RENACIMIENTO

Me trasladaron de pequeño a mi nuevo hogar en Osaka, durante una lánguida tarde de un abril algo fresco. Lo recuerdo bien porque las noches se me antojaban largas, siempre estremeciéndome cuando soplaban los vientos de primavera, a los que me iría acostumbrando con los años.

Supe, desde el primer momento, que me encontraría a gusto allí. Habían construido aquella vivienda intentando mantener un equilibrio entre lo tradicional en cuanto a su estructura y lo moderno en cuanto a comodidad. No es que yo hubiera visto antes otras casas, pero me hablaron de ellas en cuanto llegué, yo, el último habitante de aquel entorno.

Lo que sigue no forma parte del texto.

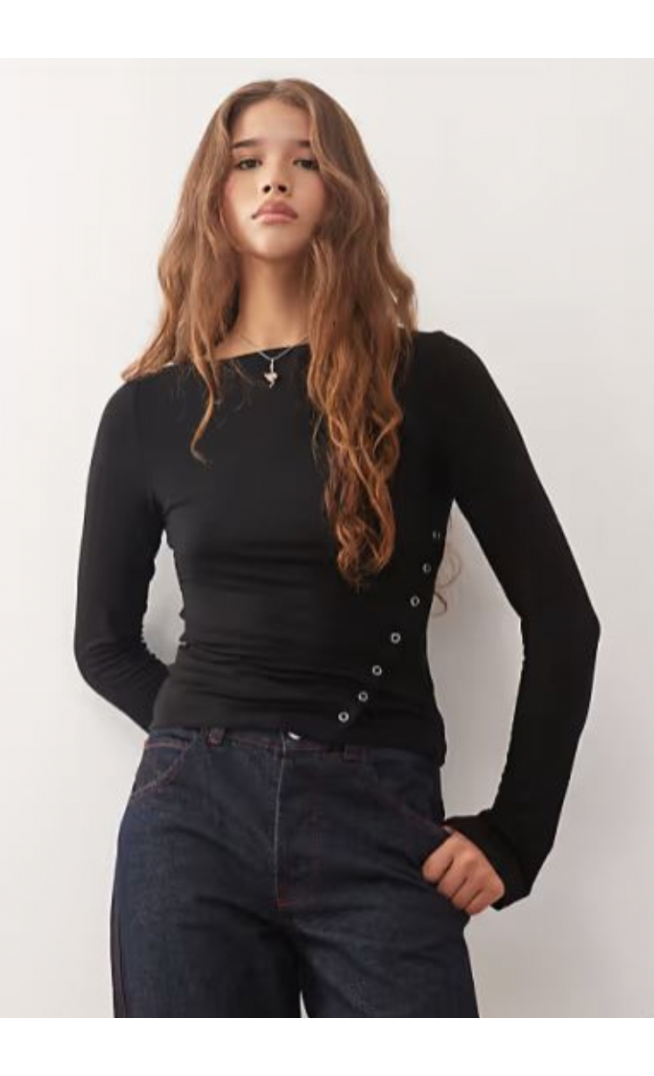 Weekday boat neck long sleeve top with eyelet split hem detail in black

Mi situación era privilegiada. Todos a mi alrededor cuidaban de mí. Era el pequeño de la familia y me trataban como si fuera el centro y alma. Conforme fui creciendo, percibía cómo todos ponían sus esperanzas en mí y, aunque no lo entendía muy bien, no le di mayor importancia en su momento.

Solo sé que cada vez que Hiroshi me miraba, solo podía sentir amor y respeto por él. Me hablaba y me cuidaba como si fuera hijo suyo, aunque no fuera así. Con los años, se estableció entre nosotros una relación de cariño que perduró en el tiempo.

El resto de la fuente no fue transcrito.